Thorne looked at him, opened his beer.
‘Well, Tides House was closed by the time anyone knew anything had happened to that woman, wasn’t it? And he’d gone before that anyway, so he wouldn’t even have known she’d ever gone missing, would he? Not unless he was responsible for it.’ The old man popped the tab on his can and shrugged as though what he was saying should have been perfectly obvious.
Thorne took a swig. ‘You should have been a detective, Bernard.’
‘Looks like we’ll be seeing you tomorrow then,’ Huw said.
‘Yeah…’
‘Actually, the weather’s looking a bit iffy tomorrow.’
‘Great.’
‘Morning should be OK though.’
Thorne tried to picture the blister pack of sickness tablets. He guessed he would have enough left to get him to the island and back.
‘I couldn’t do what you do,’ Bernard said.
‘Why’s that?’
‘Well, you’re always dealing with people at their very worst, aren’t you? At their lowest. Bastards like that bloke you’ve got with you now, the one we’ve been talking about. Even when you’re dealing with normal people… a lot of the time you’re seeing them when they’re in bits. When their lives have been destroyed.
‘Let’s face it, a lot of the time you’re the one who has to tell them that their lives have been destroyed, then watch them fall apart in front of you.’ He shook his head slowly. ‘No… I couldn’t do that. I’ll stick to the fishing and what have you, thank you very much.’ He looked across at Thorne and raised his can in a small salute. ‘Fair play to you though, mind. I mean, some poor bugger’s got to do it, haven’t they?’
Thorne said, ‘True.’ Thinking that only a couple of hours ago he’d all but forgotten what his job was.
Thinking that you could never forget for long.
‘Listen to him,’ Huw said. ‘The bloke who thinks poets are too bloody sensitive.’
Bernard said, ‘You’re not too big to get a slap, you know.’
‘Oh, here we go.’
‘What?’
‘He’ll be wanting to arm-wrestle in a minute…’
Thorne smiled, happy enough to sit and drink with these two for a while and enjoy their bickering.
An hour later, walking from the Morgans’ house to the car, Thorne was well aware that the three cans of beer he’d put away, weak as they’d been, were probably enough to have put him over the limit.
He pressed the remote on the fob and the indicators flashed.
There was probably only one patrol car within a fifty-mile radius but Sod’s Law said that he’d run into it between here and the Black Horse, make some Welsh plod’s week.
Make bloody headlines, probably.
He got into the car.
He could always phone Holland, see how much he’d had to drink. He could go back to the Morgans’, ask for the number of a local taxi and come back to pick the Galaxy up in the morning. He could try thumbing a lift, flashing his warrant card and claiming it was an emergency.
He started the car and reached for a packet of mints in the door. Then he took out his phone and called Robert Burnham. He apologised for calling so late, and asked the warden if he would mind taking the satellite phone down to the dig and telling the exhibits officer to give him a call.

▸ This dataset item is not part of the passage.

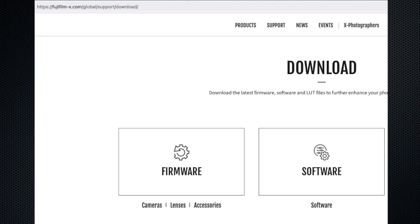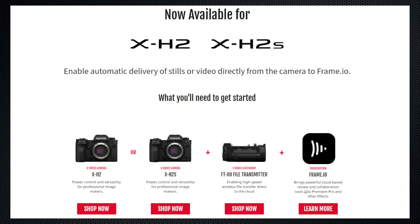You're going to need the firmware compatible for your camera body and also for the grip — you will have to update the firmwares for both. All future firmware updates for the compatible cameras and the grip will continue to have the Frame.io integration already coded into it, so you will not have to worry about losing Frame.io with some firmware update down the road. Once updated, you will see a dedicated Frame.io camera-to-cloud menu item on your camera.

He was halfway back to the Black Horse when Karim rang back.
The forensic team were still hard at it, Karim told him. Looking forward to a well-earned drink and a good night’s sleep while some people would be bedding down next to a body in some spooky chapel. Thorne told him about Nicklin’s bombshell and asked him to let Howell and the others know that they would be doing it all again tomorrow.
‘You might be spending two nights in that spooky chapel,’ he said.